[What the exercise asks]: Repeat the data that follows, word for word, without the images.

[Web page caption snippets]:
□ □ □ □ □ □ □
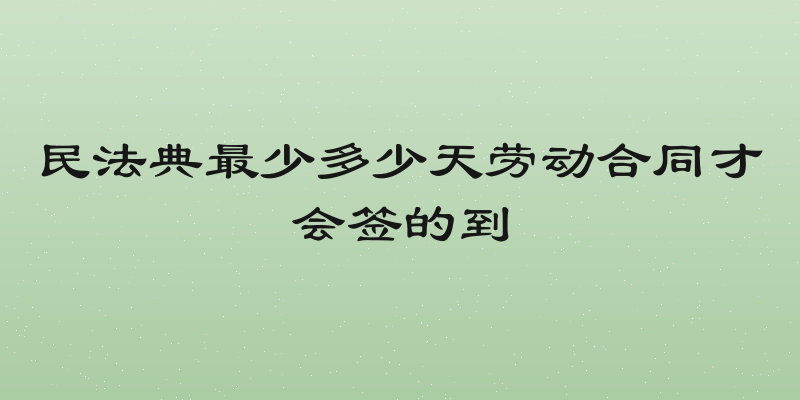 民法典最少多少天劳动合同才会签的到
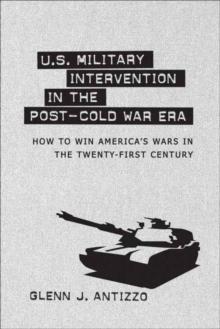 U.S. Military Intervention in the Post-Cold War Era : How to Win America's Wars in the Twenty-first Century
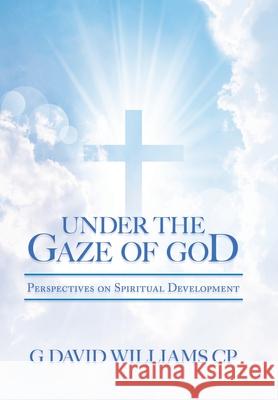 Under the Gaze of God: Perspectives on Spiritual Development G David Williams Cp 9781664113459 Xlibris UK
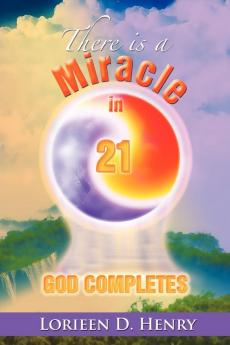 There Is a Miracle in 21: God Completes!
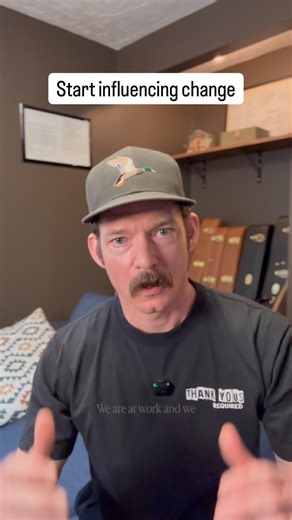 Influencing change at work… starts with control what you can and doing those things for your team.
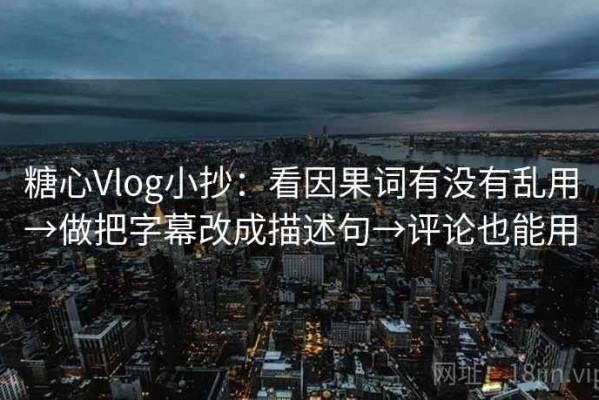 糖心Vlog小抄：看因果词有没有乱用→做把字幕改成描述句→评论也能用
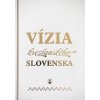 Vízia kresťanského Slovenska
□ □ □ □ □ □ □
[Expected output]:
 民法典最少多少天劳动合同才会签的到
 U.S. Military Intervention in the Post-Cold War Era : How to Win America's Wars in the Twenty-first Century
 Under the Gaze of God: Perspectives on Spiritual Development G David Williams Cp 9781664113459 Xlibris UK
 There Is a Miracle in 21: God Completes!
 Influencing change at work… starts with control what you can and doing those things for your team.
 糖心Vlog小抄：看因果词有没有乱用→做把字幕改成描述句→评论也能用
 Vízia kresťanského Slovenska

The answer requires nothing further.